• _Work instruction_: Only the lines below, from the one with "vidaXL Boxspringbett mit" through the one with "Attack wooden emblem. Vintage.", are to be written out, exactly.

• _Dataset excerpts_:
⁂

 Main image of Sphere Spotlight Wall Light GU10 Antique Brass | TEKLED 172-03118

⁂

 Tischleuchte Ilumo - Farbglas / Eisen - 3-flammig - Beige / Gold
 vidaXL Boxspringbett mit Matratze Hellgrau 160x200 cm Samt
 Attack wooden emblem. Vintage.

⁂

• _Solution below_:
 vidaXL Boxspringbett mit Matratze Hellgrau 160x200 cm Samt
 Attack wooden emblem. Vintage.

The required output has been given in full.